İSTANBUL SÖZLEŞMESİ; hem uluslararası, hem de ulusal çapta iyi düzenlenmiş ve kadını olası tüm şiddetten koruyabilecek bir sözleşmedir. Sözleşmeye bakıldığında belirlenen birtakım bölüm başlıklarının incelenmesi mümkündür. Bu bölümlerin kadına yönelik şiddetin önlenmesi için tespit edilmiş tüm hususlarla birlikte detaylandırıldığı da görülecektir. Bu detaylar ise birer özetle açıklanacak olursa;
- Maksatlar, tanımlar, eşitlik ve ayrımcılık yapılmaması, genel yükümlülükler:
- Bu bölümde kadına karşı şiddetin, mağdurun, kadının sahip olduğu hakları ve kadına seçtiği kimliğinden ötürü şiddet uygulanmasının ayrımcılık olduğu, sözleşmeye taraf devletin bu konuda önleme, tedbir alma, mevzuat oluşturmak gibi yükümlülükleri olduğunu belirtmektedir.
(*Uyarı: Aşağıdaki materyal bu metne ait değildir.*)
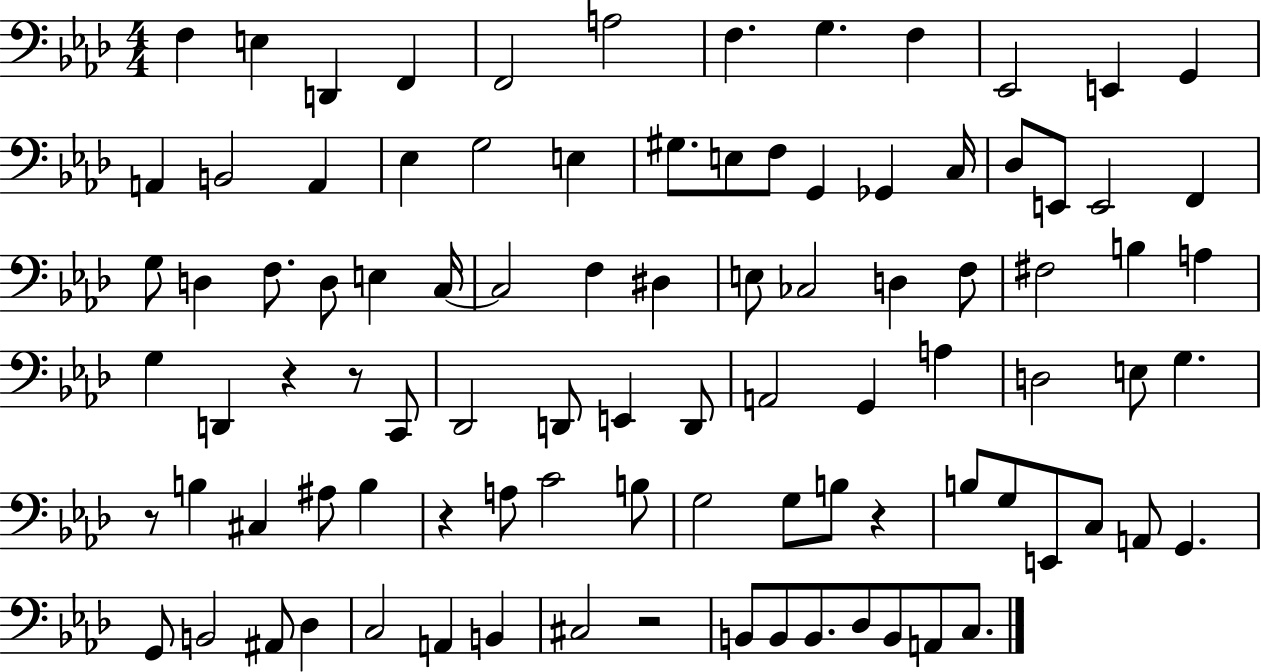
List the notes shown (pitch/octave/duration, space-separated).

- Bütüncül politikalar ve veri toplama:
- Bu bölüm kurumlar arasında sağlanması gereken iş birliğini, bu kurumlara ve Sivil Toplum Kuruluşlarına (STK) şiddetin önlenmesine yönelik çalışmaları için fon sağlanmasını, uygulanan şiddetin boyutunu -sebeplerini- çözümlerini detaylandıracak bir izleme çalışmasının yapılmasını içermektedir.
- Önleme:
- Bu bölümde önyargıların değiştirilmesi, şiddete yönelik farkındalığın oluşturulması, eğitimlerde müfredata kadına yönelik şiddete ilişkin yer verilmesi, bu alanda profesyonel kadroların eğitilmesi, ileride meydana gelebilecek şiddet eğilimlerini önleyen müdahaleci programlarının oluşturulması ve son olarak medyanın bu alanda sağlayacağı iş birliği ile çalışmalara katkıda bulunması hususları belirtilmiştir.
- Koruma ve destek:
- Bu bölümde koruyucu tedbirlerin alınması, koruma tedbirlerinin yargı çevresi içerisinde yaygınlaştırılması, mağdurların şiddet eylemi sonrasında koruma altına alınması ve iyileştirmelerini kolaylaştıracak hizmetlerin ve uzman temelli desteklerin verilmesini içermektedir. Ayrıca bununla da yetinilmeyip telefon destek hatlarının oluşturulması, barınakların şiddet gören kadınlara açılması hususları da düzenlenmiştir. Annesinin şiddet gördüğüne tanık olan çocukların korunması ve şiddet ortamında büyüyen çocukların topluma uyum sağlamasına yönelik bir husus olarak da belirtilmiştir.
- Esasa müteallik hukuk:
- Bu bölümde mağdurun saldırgana karşı yeterli hukuki yollara başvurmasını sağlayacak yasal tedbirlerin alınması düzenlenmiştir. Sadece STK ve diğer kurumların değil yargı makamlarının bu hususta kadına yönelik şiddetin ve ayrımcılığın önlenmesi için uygulaması gereken tedbirler de önem arz etmektedir. Bu düzenlemeye göre mağdur kadın şiddete uğradığında tazminat talep edebilecektir. Velayet – ziyaret saati hususlarında taleplerini ileri sürebilecektir. Zorla evlendirilme, cinsel taciz, kadın sünneti, kürtaj, zorla yapılan evlilikler, psikolojik şiddet gibi durumlara karşı kadınların yasalar tarafından korunmasına yönelik hususlar bu bölümde düzenlenmiştir.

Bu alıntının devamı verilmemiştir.